Analysing The Impact of Sequence Composition on Language Model Pre-Training
Yu Zhao, Yuanbin Qu, Konrad Staniszewski, Szymon Tworkowski, Wei Liu, Piotr Miłoś, Yuxiang Wu, Pasquale Minervini
TL;DR
This paper analyzes how pre-training sequence composition and masking influence language model generalisation. It systematically compares MixChunk, UniChunk, and a retrieval-based Bm25Chunk packing strategy under causal masking and intra-document causal masking, formalising how chunks are constructed and how tokens are conditioned. The key findings show cross-document leakage under causal masking can distract training, while intra-document masking reduces distractions and improves performance across language modelling and downstream tasks; Bm25Chunk further enhances in-context learning, knowledge memorisation, and context utilisation with modest efficiency costs. These insights offer practical guidance for resource-constrained pre-training and establish metrics such as distraction and burstiness to link data ordering with model capabilities.
Abstract
Most language model pre-training frameworks concatenate multiple documents into fixed-length sequences and use causal masking to compute the likelihood of each token given its context; this strategy is widely adopted due to its simplicity and efficiency.

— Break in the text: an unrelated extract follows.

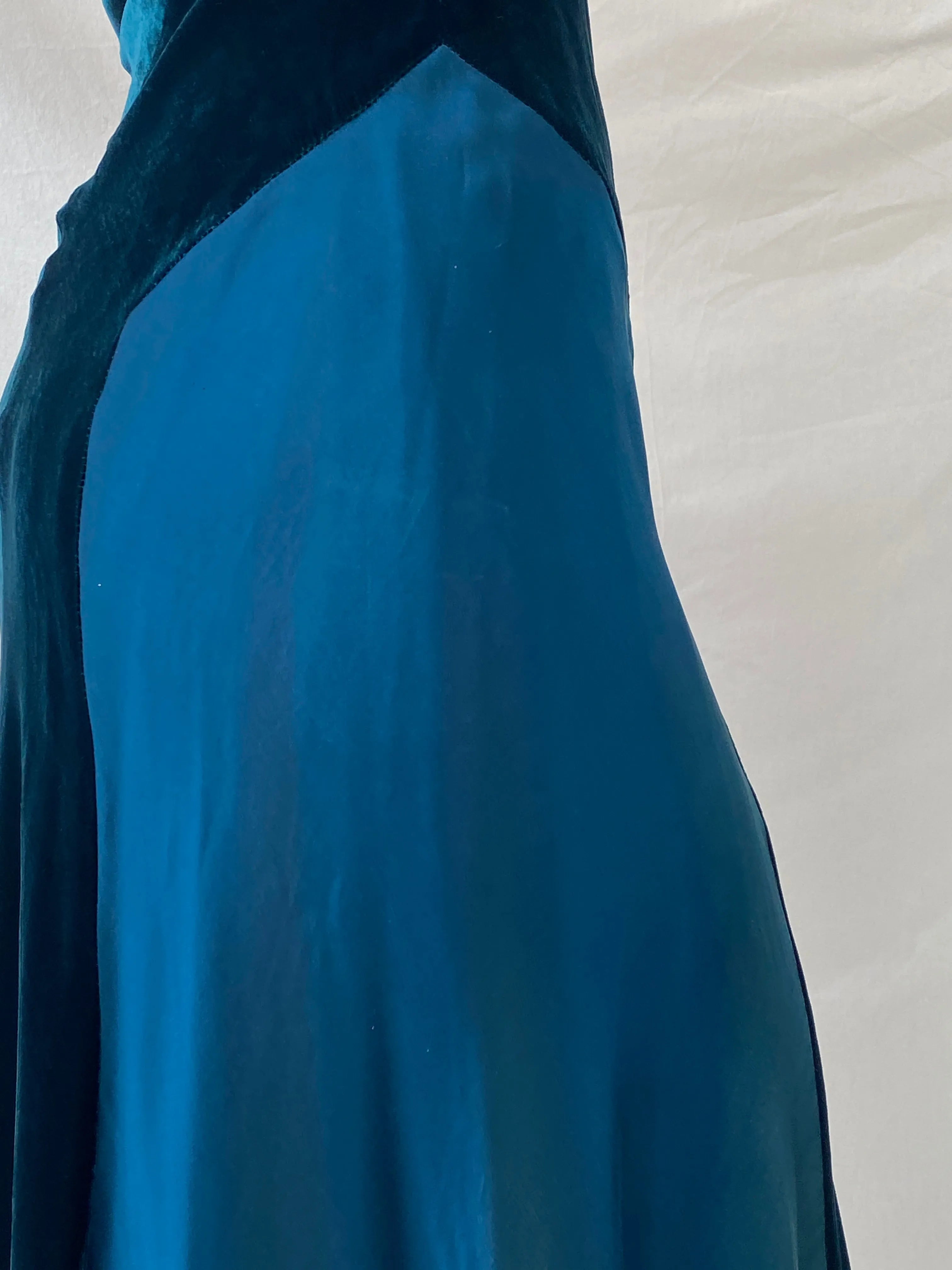 Vintage Phase Eight Green Silk Velvet Blend Midi Sleeveless Dress - M - Balagan Vintage Midi Dress 00s dress, dress, midi dress, Syntia, vintage dress, Wedding Guest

However, to this day, the influence of the pre-training sequence composition strategy on the generalisation properties of the model remains under-explored. In this work, we find that applying causal masking can lead to the inclusion of distracting information from previous documents during pre-training, which negatively impacts the performance of the models on language modelling and downstream tasks. In intra-document causal masking, the likelihood of each token is only conditioned on the previous tokens in the same document, eliminating potential distracting information from previous documents and significantly improving performance. Furthermore, we find that concatenating related documents can reduce some potential distractions during pre-training, and our proposed efficient retrieval-based sequence construction method, BM25Chunk, can improve in-context learning (+11.6\%), knowledge memorisation (+9.8\%), and context utilisation (+7.2\%) abilities of language models without sacrificing efficiency.